- Sécurité
Lors d’un échange en direct, l’opposant et ancien vice-Premier ministre José Makila Sumanda a exprimé des positions claires concernant la délicate situation sécuritaire qui prévaut dans l’Est de la République Démocratique du Congo. Il a également abordé le rôle de l’ex-président Joseph Kabila dans ce dossier épineux, offrant une perspective unique sur cette actualité africaine cruciale.
Concernant les allégations de la présence de Joseph Kabila dans les zones sous le contrôle du M23, José Makila a catégoriquement rejeté l’idée d’une quelconque complicité entre l’ancien chef d’État et le mouvement rebelle. Il a affirmé avec force : « Personne du M23 n’a assuré la protection de Kabila », précisant que les populations du Nord-Kivu et du Sud-Kivu, vivant sous l’administration du M23, sont toutes soumises aux mêmes forces en place. Pour Makila, Joseph Kabila, durant son mandat, n’a fait que « défendre l’intégrité du territoire », sans jamais entretenir de querelles personnelles avec les leaders rebelles tels que Makenga ou Nanga. Il a interpellé : « Maintenant, il n’a plus la charge de cette défense. Vous le condamnez en quoi ? »
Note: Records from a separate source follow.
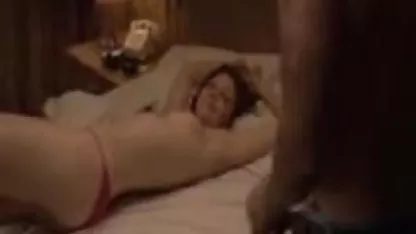 El chico tomó una chicas virgenes y peludas chica en la calle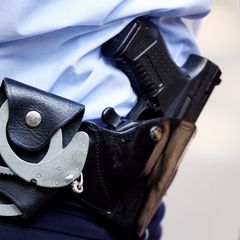 Eine 25-jährige Betrügerin wurde in Kleve festgenommen. (Symbolbild) Foto: Oliver Berg/dpa
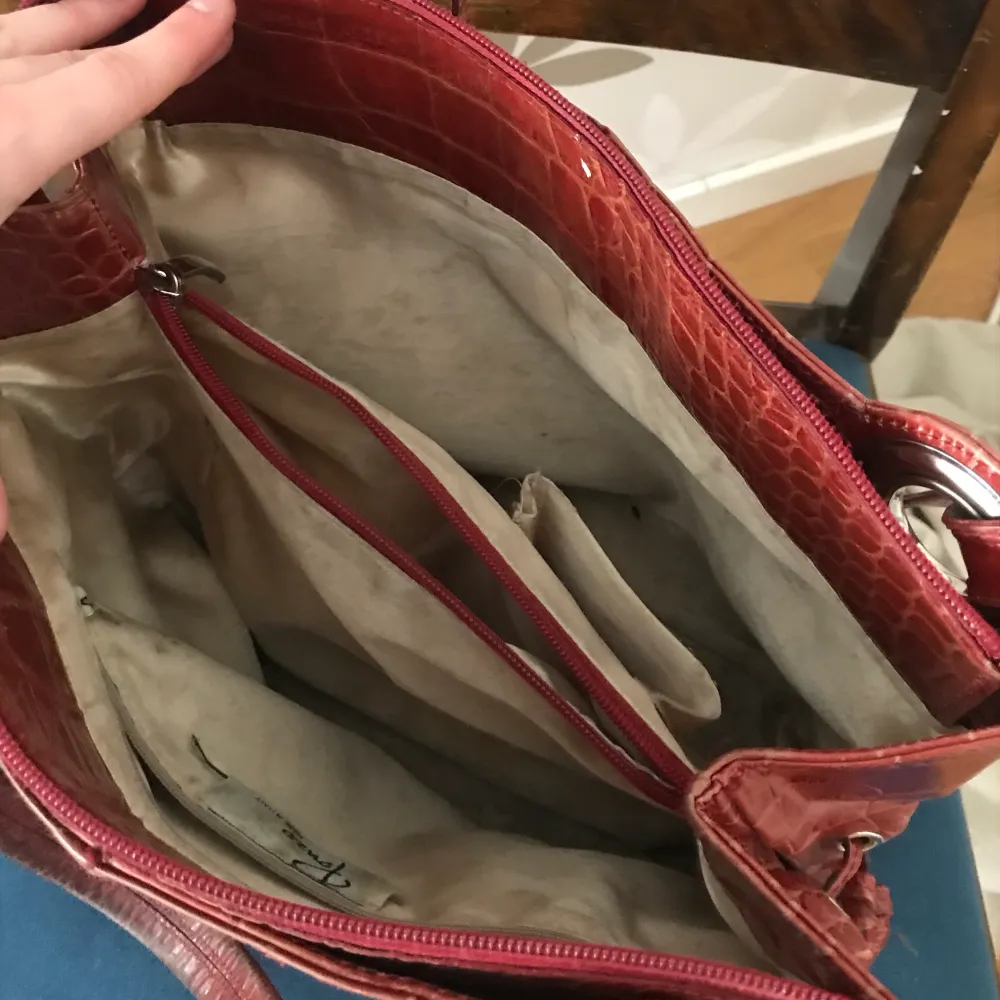 Snygg röd väska!!❤️ Den har används väl genom tiderna, vilket man kan se på underdelen av väskan. Får plats med väldigt mycket och har flera fack😍 . Väskor.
L’opposant a ensuite reporté la responsabilité du retour du M23 sur la scène congolaise sur l’actuel président, Félix Tshisekedi. Selon lui, « Ce n’est pas Kabila qui a ramené le M23 à Kinshasa, c’est Tshisekedi ». Il a avancé que l’actuel chef de l’État aurait normalisé les relations avec le mouvement, rendant ainsi toute accusation contre son prédécesseur incohérente. Cette déclaration soulève des questions fondamentales sur la diplomatie africaine et la gestion des crises internes.
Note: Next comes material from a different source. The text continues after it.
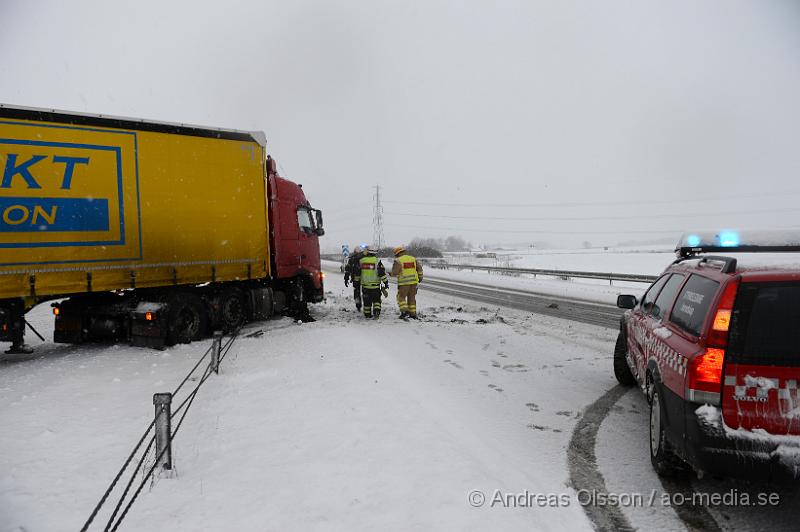 DSC_2635.JPG - Vid 08,35 larmades räddningstjänsten till E4an i höjd med Östra ljungby, riktning mot örkelljunga där en lastbil kolliderat med mitträcket och snurrat. Lastbilen blockerade nästan hela norrgående riktning och ett körfält i södergående riktning. Trafiken norrut fick ledas om genom Östra Ljungby och ut vid Mölletofta. Ingen person ska ha skadats i olyckan.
Abordant la nature même du conflit, José Makila a insisté sur une distinction fondamentale entre une guerre interétatique déclarée et une rébellion bénéficiant d’un soutien extérieur. Il a rejeté toute comparaison avec le conflit russo-ukrainien, affirmant que, à sa connaissance, la RDC n’est pas officiellement en guerre contre le Rwanda. Il a interrogé : « Nous avons des Sukhoï, nous avons des drones. Pourquoi ces drones et les Sukhoï ne vont pas pilonner le Rwanda ? », mettant en lumière l’absence de frappes directes sur le territoire rwandais comme un indicateur que la situation ne relève pas d’un conflit entre États, mais plutôt d’une menace à la souveraineté Afrique interne.
Bien que prudent sur les aspects purement militaires, José Makila a clairement revendiqué une analyse strictement politique des événements. « Je suis cent pour cent politique. Je vous dis ce que je connais en politique », a-t-il conclu, refusant de s’aventurer sur un terrain qu’il ne considère pas comme le sien.